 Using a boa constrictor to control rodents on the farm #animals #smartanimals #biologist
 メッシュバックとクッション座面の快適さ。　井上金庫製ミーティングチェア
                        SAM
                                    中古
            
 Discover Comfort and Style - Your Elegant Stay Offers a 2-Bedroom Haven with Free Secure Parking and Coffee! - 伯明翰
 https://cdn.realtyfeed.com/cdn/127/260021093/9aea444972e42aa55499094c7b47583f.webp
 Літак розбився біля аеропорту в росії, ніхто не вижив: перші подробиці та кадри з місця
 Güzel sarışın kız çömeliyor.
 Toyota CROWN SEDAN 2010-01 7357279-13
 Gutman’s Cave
==============================
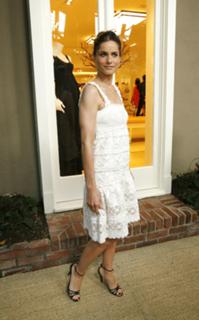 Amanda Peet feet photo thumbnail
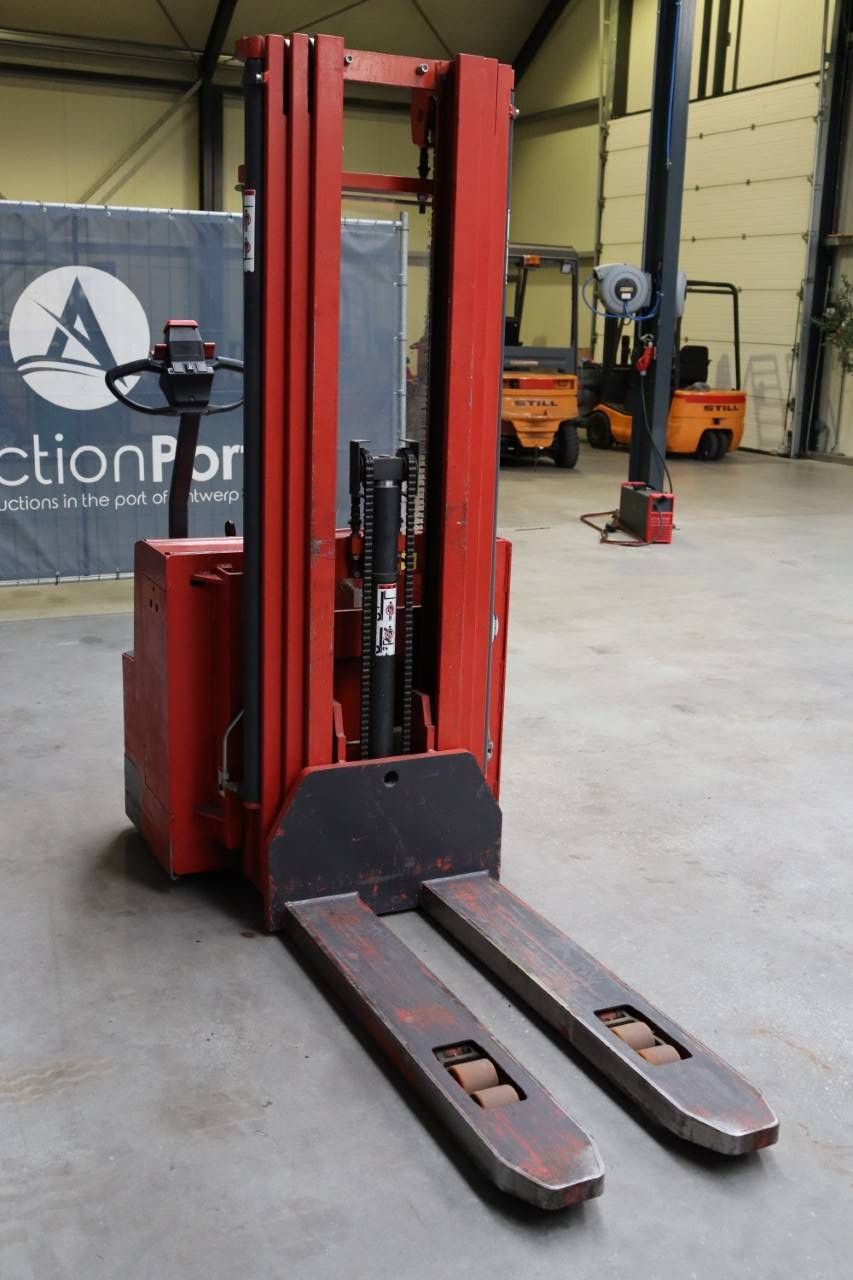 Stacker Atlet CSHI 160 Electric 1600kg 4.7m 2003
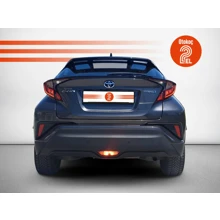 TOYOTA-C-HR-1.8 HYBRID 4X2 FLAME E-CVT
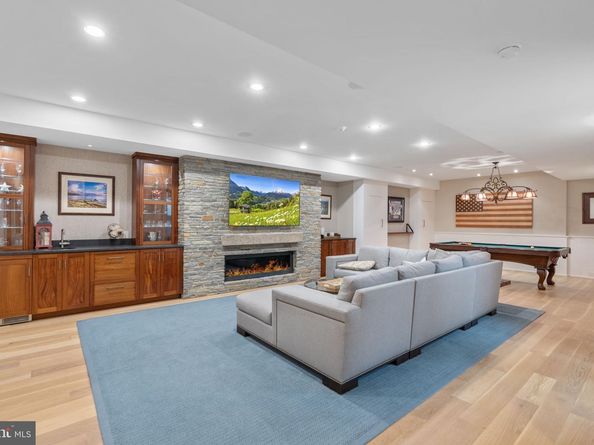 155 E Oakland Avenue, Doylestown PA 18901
==============================
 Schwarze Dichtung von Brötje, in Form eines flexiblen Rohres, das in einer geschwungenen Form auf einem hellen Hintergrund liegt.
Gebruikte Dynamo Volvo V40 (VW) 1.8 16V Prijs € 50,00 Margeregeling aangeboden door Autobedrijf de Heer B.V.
==============================
WHAT THIS TASK INVOLVES —
Go through the listing above and write out exactly the lines starting with the one holding "Using a boa" and running through the one holding "Güzel sarışın kız çömeliyor.", ends included, and no others.

COMPLETED EXERCISE —
 Using a boa constrictor to control rodents on the farm #animals #smartanimals #biologist
 メッシュバックとクッション座面の快適さ。　井上金庫製ミーティングチェア
                        SAM
                                    中古
            
 Discover Comfort and Style - Your Elegant Stay Offers a 2-Bedroom Haven with Free Secure Parking and Coffee! - 伯明翰
 https://cdn.realtyfeed.com/cdn/127/260021093/9aea444972e42aa55499094c7b47583f.webp
 Літак розбився біля аеропорту в росії, ніхто не вижив: перші подробиці та кадри з місця
 Güzel sarışın kız çömeliyor.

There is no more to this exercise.